Keen readers will have noted that back in 2002, Rumsfeld left an obvious category undiscussed – the unknown knowns. Psychoanalysts and historians can surely speculate profitably on what would have motivated that particular oversight. This category would describe those facts which are evident, but which we refuse to acknowledge. In his debut essay for Working Notes, the new JCFJ Social Policy Advocate, Keith Adams, raises the possibility that the Irish NGO sector is dealing with a risk of this kind. His essay, “In Evidence we Trust,” illustrates that the risk posed by the blind spot may be the most dangerous of all. Adams, harnesses years of experience within the policy sector, questioning the philosophical and methodological robustness of the evidence generated within many “evidence-based” policy interventions. This provocative argument calls everyone in the policy sector in Ireland to reflect self-critically on how our best methods, deployed casually, risk creating a self-justifying loop.
Risk is unavoidable. It is the nature of time that we draw on past experience, in the present, to try to make the best decisions possible for a future that we do not know. Invariably, we find known threats are quickly joined by unknown risks. All we know is that we know these unknown problems will arise.
Risk is inescapable, but how we respond to that knowledge is within our control. We find ourselves perpetually suspended between what we know, what we do not know, what we cannot know, and what we choose not to know. This may be uncomfortable territory for those involved in public policy conversations, but it is home-ground for Christian reflection. Most famously in Søren Kierkegaard, Christianity has long and rich intellectual traditions that emerge out of the recognition that all our commitments invariably entail real risk. The missing dimensions that allow us to navigate that risk successfully is trust. In Fear and Trembling, Kierkegaard famously interprets, and reinterprets, and then interprets again one of the biblical passages that modern readers find most troublesome, the Aqedah – the story of Abraham binding his son, Isaac (Genesis 22:1-19).2 The Danish philosopher comes at the story from different angles and raises a range of moral problems and in the end successfully shatters our trust that serious decisions will be straightforward.
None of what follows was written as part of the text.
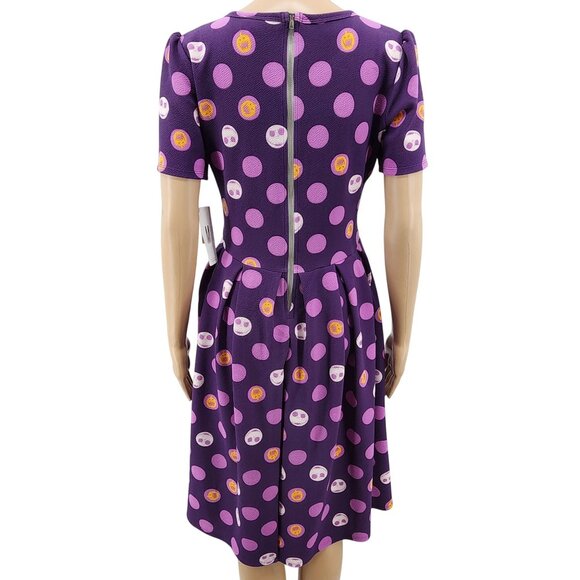 LuLaRoe Purple Polka Dot Ameilia Jack Skellington Dress Medium NWT - Picture 4 of 13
The supreme ethical risk is complacency. Where we put our trust is a matter of first importance.
In a world of real risk, having relationships and connections we can trust makes all the difference. Heron Belfon is calling us to a global commitment that the people of the Caribbean can trust. Joe Larragy is exploring how the assumptions we used to trust about ageing are increasingly fragile. Kevin Hargaden suggests we cannot trust ourselves, Margaret McGaley warns we should not trust the techno-giants, and Keith Adams decisively calls our shared trusts into question.
Rumsfeld stumbled into his profundity while helping to weave a most elaborate public lie. That was a risk no one could have anticipated! In an age of climate and ecological breakdown, thinking seriously about threats, risks, and how they relate to our assumptions is a critical task for everyone concerned with public policy and social justice.
Footnotes
1. Donald Rumsfeld, “Defense.Gov Transcript: DoD News Briefing – Secretary Rumsfeld and Gen. Myers” (US Department of Defense, February 12, 2002),
2. Søren Kierkegaard, Fear and Trembling (London: Penguin, 2003).